1. Estimation of profit on work-in-progress transferred to sister concern.
2. Disallowance of liability shown as payable to sister concern.
3. Deletion of addition on account of land cost claimed as expenses.
4. Rectification application under Section 154 of the Income-tax Act, 1961.
5. Classification of income from Business Centre.
6. Disallowance of interest paid to Bank of Maharashtra.
7. Addition on account of transfer of sundry creditors.

Detailed Analysis:

1. Estimation of Profit on Work-in-Progress Transferred to Sister Concern:

The assessee transferred two projects to its sister concern, M/s Indorigin Electric Ltd., without estimating profit on the work-in-progress. The Assessing Officer (AO) observed that the assessee did not show any profit on the transfer of work-in-progress valued at Rs. 16,11,24,323/-. The AO treated the difference between liabilities and assets as income, amounting to Rs. 6,06,70,429/-. The CIT(A) estimated the profit at 10% of the work-in-progress, sustaining an addition of Rs. 1,41,36,133/-. Upon appeal, the Tribunal directed the AO to estimate the profit at 7.71%, based on the profit declared by M/s Indorigin Electric Ltd.

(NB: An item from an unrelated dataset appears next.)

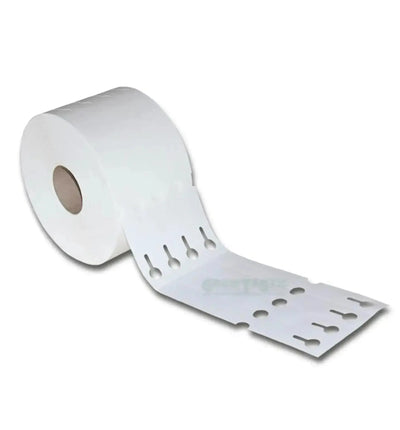 Weiße TT-Schlaufetiketten von GrowTastic Sammlung, 200 x 25 mm, aus Papier, ideal zum Beschriften und Kennzeichnen.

2. Disallowance of Liability Shown as Payable to Sister Concern:

The AO disallowed a liability of Rs. 7,53,12,160/- shown as payable to M/s Indorigin Electric Ltd., questioning its genuineness. The CIT(A) deleted this addition, and the Tribunal upheld this decision, noting that the liability was transferred as part of the project.

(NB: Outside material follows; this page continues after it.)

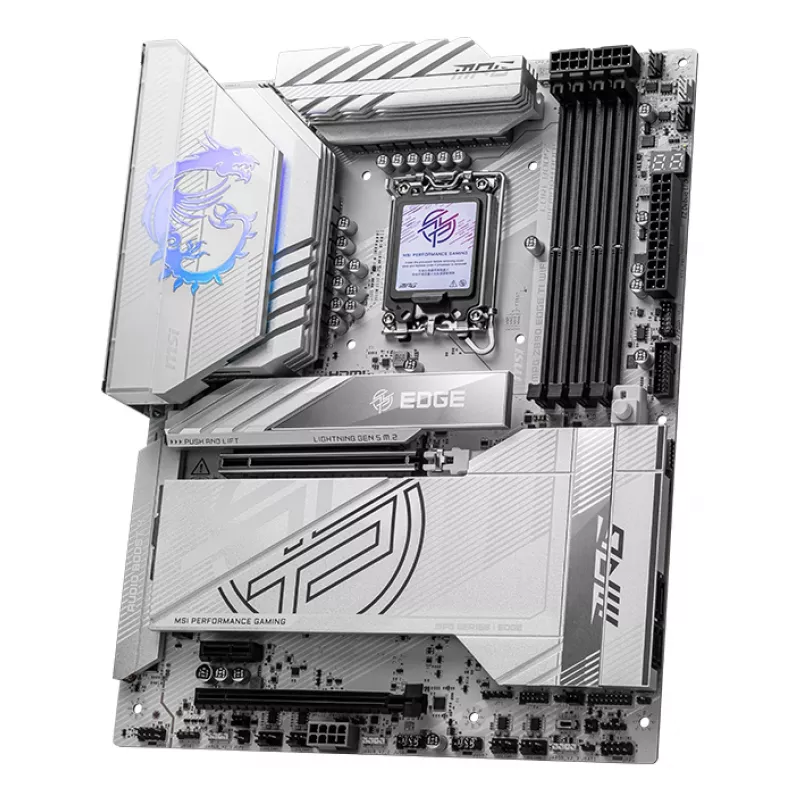 MSI MPG Z890 EDGE TI WIFI pagrindinė plokštė Intel Z890 LGA 1851 (Socket V1) ATX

3. Deletion of Addition on Account of Land Cost Claimed as Expenses:

The Revenue raised an additional ground, arguing that the CIT(A) erred in deleting the addition of Rs. 2,47,57,242/- claimed as land cost without giving the AO an opportunity as per Rule 46A. The Tribunal dismissed this ground, stating that the information was available during assessment proceedings and was not fresh evidence.

4. Rectification Application under Section 154:

The assessee filed a rectification application under Section 154, contending mistakes apparent on record. The CIT(A) allowed the rectification regarding interest expenditure and transfer of sundry creditors. The Tribunal upheld the CIT(A)'s decision, agreeing that the interest expenditure was related to the business income and the liability of sundry creditors was transferred to the sister concern.

5. Classification of Income from Business Centre:

The assessee argued that income from the Business Centre should be treated as business income, consistent with earlier assessments. The CIT(A) accepted this, and the Tribunal upheld the decision, noting the consistency in the system of accounting.

6. Disallowance of Interest Paid to Bank of Maharashtra:

The AO disallowed interest of Rs. 50,96,138/- paid to Bank of Maharashtra, claiming the assessee had no business activity. The CIT(A) allowed the deduction, and the Tribunal upheld this, noting that the interest was related to a loan for a project that generated business income.

7. Addition on Account of Transfer of Sundry Creditors:

The AO added Rs. 1,38,16,738/- as unexplained cash credit, assuming the assessee wrote off sundry creditors. The CIT(A) deleted this addition, and the Tribunal upheld the decision, confirming that the liability was transferred to the sister concern.

Conclusion:

- The appeal by the assessee in ITA.No. 656/Mum/2013 is partly allowed.
- The appeal by the Revenue in ITA.No. 2528/Mum/2013 is partly allowed.
- The appeals by the Revenue in ITA.Nos. 4787 and 6154/Mum/2014 are dismissed.

Order pronounced in open court on 30th January 2023.